'''

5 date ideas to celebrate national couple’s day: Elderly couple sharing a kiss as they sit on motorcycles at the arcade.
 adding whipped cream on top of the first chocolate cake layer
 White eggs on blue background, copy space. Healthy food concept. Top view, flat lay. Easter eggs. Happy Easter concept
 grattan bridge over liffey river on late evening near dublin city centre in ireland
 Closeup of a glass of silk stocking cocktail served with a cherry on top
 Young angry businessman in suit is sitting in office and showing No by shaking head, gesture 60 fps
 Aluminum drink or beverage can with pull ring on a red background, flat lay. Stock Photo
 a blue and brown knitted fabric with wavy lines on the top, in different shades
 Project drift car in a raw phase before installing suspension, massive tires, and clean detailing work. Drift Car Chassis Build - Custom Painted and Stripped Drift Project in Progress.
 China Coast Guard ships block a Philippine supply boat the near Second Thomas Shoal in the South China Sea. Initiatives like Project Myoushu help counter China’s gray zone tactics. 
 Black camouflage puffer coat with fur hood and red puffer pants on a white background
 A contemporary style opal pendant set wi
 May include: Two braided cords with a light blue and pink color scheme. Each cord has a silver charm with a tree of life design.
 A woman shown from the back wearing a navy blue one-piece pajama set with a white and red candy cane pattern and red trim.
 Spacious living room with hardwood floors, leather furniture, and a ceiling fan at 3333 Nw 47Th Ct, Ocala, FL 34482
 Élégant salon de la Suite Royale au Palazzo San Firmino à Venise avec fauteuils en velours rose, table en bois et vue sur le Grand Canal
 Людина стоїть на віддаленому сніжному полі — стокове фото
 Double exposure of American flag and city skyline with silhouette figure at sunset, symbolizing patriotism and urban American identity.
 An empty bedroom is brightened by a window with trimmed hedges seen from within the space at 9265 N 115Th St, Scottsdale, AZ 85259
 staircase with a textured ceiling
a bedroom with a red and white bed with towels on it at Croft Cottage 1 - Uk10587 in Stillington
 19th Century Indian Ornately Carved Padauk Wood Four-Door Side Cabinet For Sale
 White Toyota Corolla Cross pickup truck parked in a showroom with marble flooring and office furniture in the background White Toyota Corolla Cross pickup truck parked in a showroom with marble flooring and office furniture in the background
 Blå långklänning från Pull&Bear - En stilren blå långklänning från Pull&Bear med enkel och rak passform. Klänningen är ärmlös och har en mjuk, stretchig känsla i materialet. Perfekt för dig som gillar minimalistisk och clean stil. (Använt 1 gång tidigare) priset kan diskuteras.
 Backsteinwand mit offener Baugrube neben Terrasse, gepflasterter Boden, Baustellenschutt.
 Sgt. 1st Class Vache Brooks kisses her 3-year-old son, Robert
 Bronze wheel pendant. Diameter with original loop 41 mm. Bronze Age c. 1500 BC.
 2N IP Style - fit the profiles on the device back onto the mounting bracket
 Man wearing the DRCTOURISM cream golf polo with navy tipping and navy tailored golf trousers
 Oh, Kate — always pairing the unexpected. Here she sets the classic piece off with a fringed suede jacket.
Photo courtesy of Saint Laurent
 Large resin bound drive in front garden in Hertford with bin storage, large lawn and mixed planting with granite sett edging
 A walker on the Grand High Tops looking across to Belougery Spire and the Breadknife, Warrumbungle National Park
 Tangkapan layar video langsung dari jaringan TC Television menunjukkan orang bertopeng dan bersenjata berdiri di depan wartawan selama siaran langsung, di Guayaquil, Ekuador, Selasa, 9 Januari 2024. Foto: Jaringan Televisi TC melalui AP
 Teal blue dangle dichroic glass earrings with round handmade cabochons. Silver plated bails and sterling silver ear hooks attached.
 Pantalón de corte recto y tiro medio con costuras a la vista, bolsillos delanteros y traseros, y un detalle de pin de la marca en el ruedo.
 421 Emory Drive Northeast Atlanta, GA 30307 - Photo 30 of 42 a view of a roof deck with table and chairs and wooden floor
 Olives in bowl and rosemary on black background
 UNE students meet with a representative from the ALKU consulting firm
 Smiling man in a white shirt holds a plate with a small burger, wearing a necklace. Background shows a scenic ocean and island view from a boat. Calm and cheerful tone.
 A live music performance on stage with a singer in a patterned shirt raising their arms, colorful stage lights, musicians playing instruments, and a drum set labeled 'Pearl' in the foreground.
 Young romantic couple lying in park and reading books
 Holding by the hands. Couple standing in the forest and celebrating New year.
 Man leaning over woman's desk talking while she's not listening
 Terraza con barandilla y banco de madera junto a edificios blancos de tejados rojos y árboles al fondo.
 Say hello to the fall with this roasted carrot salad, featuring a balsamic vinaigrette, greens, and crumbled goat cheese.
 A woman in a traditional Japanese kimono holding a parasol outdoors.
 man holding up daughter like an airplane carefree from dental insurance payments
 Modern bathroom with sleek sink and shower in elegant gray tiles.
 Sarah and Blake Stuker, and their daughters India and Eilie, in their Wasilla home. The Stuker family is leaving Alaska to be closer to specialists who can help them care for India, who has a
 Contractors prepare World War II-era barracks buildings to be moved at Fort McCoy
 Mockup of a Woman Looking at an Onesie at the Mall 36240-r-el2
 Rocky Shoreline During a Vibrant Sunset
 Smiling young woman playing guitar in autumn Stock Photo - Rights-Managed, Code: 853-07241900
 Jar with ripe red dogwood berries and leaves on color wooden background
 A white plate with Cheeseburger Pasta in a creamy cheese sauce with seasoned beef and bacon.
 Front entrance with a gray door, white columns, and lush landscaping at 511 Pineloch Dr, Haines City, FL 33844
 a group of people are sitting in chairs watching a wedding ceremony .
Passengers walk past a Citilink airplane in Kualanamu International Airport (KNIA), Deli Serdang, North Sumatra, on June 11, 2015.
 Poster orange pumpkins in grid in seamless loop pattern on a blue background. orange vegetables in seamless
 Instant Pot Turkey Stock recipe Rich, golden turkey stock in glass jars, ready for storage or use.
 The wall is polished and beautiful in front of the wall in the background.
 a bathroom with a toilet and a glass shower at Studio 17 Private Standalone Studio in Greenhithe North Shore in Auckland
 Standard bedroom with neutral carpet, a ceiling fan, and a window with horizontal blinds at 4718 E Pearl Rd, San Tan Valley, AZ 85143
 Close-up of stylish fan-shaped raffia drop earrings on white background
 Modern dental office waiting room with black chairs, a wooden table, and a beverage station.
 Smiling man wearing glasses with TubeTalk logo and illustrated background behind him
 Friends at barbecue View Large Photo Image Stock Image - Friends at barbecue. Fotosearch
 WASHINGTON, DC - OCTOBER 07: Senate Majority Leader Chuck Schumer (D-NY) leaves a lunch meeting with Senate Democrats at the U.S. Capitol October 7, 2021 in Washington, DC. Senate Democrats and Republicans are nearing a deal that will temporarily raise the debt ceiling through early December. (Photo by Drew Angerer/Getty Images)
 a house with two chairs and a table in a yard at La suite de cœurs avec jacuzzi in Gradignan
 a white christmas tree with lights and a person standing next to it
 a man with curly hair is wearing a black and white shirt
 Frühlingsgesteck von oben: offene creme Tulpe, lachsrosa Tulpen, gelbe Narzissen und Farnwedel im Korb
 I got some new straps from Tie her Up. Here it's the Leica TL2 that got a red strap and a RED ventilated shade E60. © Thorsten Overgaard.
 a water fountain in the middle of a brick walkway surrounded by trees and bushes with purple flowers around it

'''

* Requirement *
For this exercise, restate each of the entries without any deviation.

* Exercise output *
5 date ideas to celebrate national couple’s day: Elderly couple sharing a kiss as they sit on motorcycles at the arcade.
 adding whipped cream on top of the first chocolate cake layer
 White eggs on blue background, copy space. Healthy food concept. Top view, flat lay. Easter eggs. Happy Easter concept
 grattan bridge over liffey river on late evening near dublin city centre in ireland
 Closeup of a glass of silk stocking cocktail served with a cherry on top
 Young angry businessman in suit is sitting in office and showing No by shaking head, gesture 60 fps
 Aluminum drink or beverage can with pull ring on a red background, flat lay. Stock Photo
 a blue and brown knitted fabric with wavy lines on the top, in different shades
 Project drift car in a raw phase before installing suspension, massive tires, and clean detailing work. Drift Car Chassis Build - Custom Painted and Stripped Drift Project in Progress.
 China Coast Guard ships block a Philippine supply boat the near Second Thomas Shoal in the South China Sea. Initiatives like Project Myoushu help counter China’s gray zone tactics. 
 Black camouflage puffer coat with fur hood and red puffer pants on a white background
 A contemporary style opal pendant set wi
 May include: Two braided cords with a light blue and pink color scheme. Each cord has a silver charm with a tree of life design.
 A woman shown from the back wearing a navy blue one-piece pajama set with a white and red candy cane pattern and red trim.
 Spacious living room with hardwood floors, leather furniture, and a ceiling fan at 3333 Nw 47Th Ct, Ocala, FL 34482
 Élégant salon de la Suite Royale au Palazzo San Firmino à Venise avec fauteuils en velours rose, table en bois et vue sur le Grand Canal
 Людина стоїть на віддаленому сніжному полі — стокове фото
 Double exposure of American flag and city skyline with silhouette figure at sunset, symbolizing patriotism and urban American identity.
 An empty bedroom is brightened by a window with trimmed hedges seen from within the space at 9265 N 115Th St, Scottsdale, AZ 85259
 staircase with a textured ceiling
a bedroom with a red and white bed with towels on it at Croft Cottage 1 - Uk10587 in Stillington
 19th Century Indian Ornately Carved Padauk Wood Four-Door Side Cabinet For Sale
 White Toyota Corolla Cross pickup truck parked in a showroom with marble flooring and office furniture in the background White Toyota Corolla Cross pickup truck parked in a showroom with marble flooring and office furniture in the background
 Blå långklänning från Pull&Bear - En stilren blå långklänning från Pull&Bear med enkel och rak passform. Klänningen är ärmlös och har en mjuk, stretchig känsla i materialet. Perfekt för dig som gillar minimalistisk och clean stil. (Använt 1 gång tidigare) priset kan diskuteras.
 Backsteinwand mit offener Baugrube neben Terrasse, gepflasterter Boden, Baustellenschutt.
 Sgt. 1st Class Vache Brooks kisses her 3-year-old son, Robert
 Bronze wheel pendant. Diameter with original loop 41 mm. Bronze Age c. 1500 BC.
 2N IP Style - fit the profiles on the device back onto the mounting bracket
 Man wearing the DRCTOURISM cream golf polo with navy tipping and navy tailored golf trousers
 Oh, Kate — always pairing the unexpected. Here she sets the classic piece off with a fringed suede jacket.
Photo courtesy of Saint Laurent
 Large resin bound drive in front garden in Hertford with bin storage, large lawn and mixed planting with granite sett edging
 A walker on the Grand High Tops looking across to Belougery Spire and the Breadknife, Warrumbungle National Park
 Tangkapan layar video langsung dari jaringan TC Television menunjukkan orang bertopeng dan bersenjata berdiri di depan wartawan selama siaran langsung, di Guayaquil, Ekuador, Selasa, 9 Januari 2024. Foto: Jaringan Televisi TC melalui AP
 Teal blue dangle dichroic glass earrings with round handmade cabochons. Silver plated bails and sterling silver ear hooks attached.
 Pantalón de corte recto y tiro medio con costuras a la vista, bolsillos delanteros y traseros, y un detalle de pin de la marca en el ruedo.
 421 Emory Drive Northeast Atlanta, GA 30307 - Photo 30 of 42 a view of a roof deck with table and chairs and wooden floor
 Olives in bowl and rosemary on black background
 UNE students meet with a representative from the ALKU consulting firm
 Smiling man in a white shirt holds a plate with a small burger, wearing a necklace. Background shows a scenic ocean and island view from a boat. Calm and cheerful tone.
 A live music performance on stage with a singer in a patterned shirt raising their arms, colorful stage lights, musicians playing instruments, and a drum set labeled 'Pearl' in the foreground.
 Young romantic couple lying in park and reading books
 Holding by the hands. Couple standing in the forest and celebrating New year.
 Man leaning over woman's desk talking while she's not listening
 Terraza con barandilla y banco de madera junto a edificios blancos de tejados rojos y árboles al fondo.
 Say hello to the fall with this roasted carrot salad, featuring a balsamic vinaigrette, greens, and crumbled goat cheese.
 A woman in a traditional Japanese kimono holding a parasol outdoors.
 man holding up daughter like an airplane carefree from dental insurance payments
 Modern bathroom with sleek sink and shower in elegant gray tiles.
 Sarah and Blake Stuker, and their daughters India and Eilie, in their Wasilla home. The Stuker family is leaving Alaska to be closer to specialists who can help them care for India, who has a
 Contractors prepare World War II-era barracks buildings to be moved at Fort McCoy
 Mockup of a Woman Looking at an Onesie at the Mall 36240-r-el2
 Rocky Shoreline During a Vibrant Sunset
 Smiling young woman playing guitar in autumn Stock Photo - Rights-Managed, Code: 853-07241900
 Jar with ripe red dogwood berries and leaves on color wooden background
 A white plate with Cheeseburger Pasta in a creamy cheese sauce with seasoned beef and bacon.
 Front entrance with a gray door, white columns, and lush landscaping at 511 Pineloch Dr, Haines City, FL 33844
 a group of people are sitting in chairs watching a wedding ceremony .
Passengers walk past a Citilink airplane in Kualanamu International Airport (KNIA), Deli Serdang, North Sumatra, on June 11, 2015.
 Poster orange pumpkins in grid in seamless loop pattern on a blue background. orange vegetables in seamless
 Instant Pot Turkey Stock recipe Rich, golden turkey stock in glass jars, ready for storage or use.
 The wall is polished and beautiful in front of the wall in the background.
 a bathroom with a toilet and a glass shower at Studio 17 Private Standalone Studio in Greenhithe North Shore in Auckland
 Standard bedroom with neutral carpet, a ceiling fan, and a window with horizontal blinds at 4718 E Pearl Rd, San Tan Valley, AZ 85143
 Close-up of stylish fan-shaped raffia drop earrings on white background
 Modern dental office waiting room with black chairs, a wooden table, and a beverage station.
 Smiling man wearing glasses with TubeTalk logo and illustrated background behind him
 Friends at barbecue View Large Photo Image Stock Image - Friends at barbecue. Fotosearch
 WASHINGTON, DC - OCTOBER 07: Senate Majority Leader Chuck Schumer (D-NY) leaves a lunch meeting with Senate Democrats at the U.S. Capitol October 7, 2021 in Washington, DC. Senate Democrats and Republicans are nearing a deal that will temporarily raise the debt ceiling through early December. (Photo by Drew Angerer/Getty Images)
 a house with two chairs and a table in a yard at La suite de cœurs avec jacuzzi in Gradignan
 a white christmas tree with lights and a person standing next to it
 a man with curly hair is wearing a black and white shirt
 Frühlingsgesteck von oben: offene creme Tulpe, lachsrosa Tulpen, gelbe Narzissen und Farnwedel im Korb
 I got some new straps from Tie her Up. Here it's the Leica TL2 that got a red strap and a RED ventilated shade E60. © Thorsten Overgaard.
 a water fountain in the middle of a brick walkway surrounded by trees and bushes with purple flowers around it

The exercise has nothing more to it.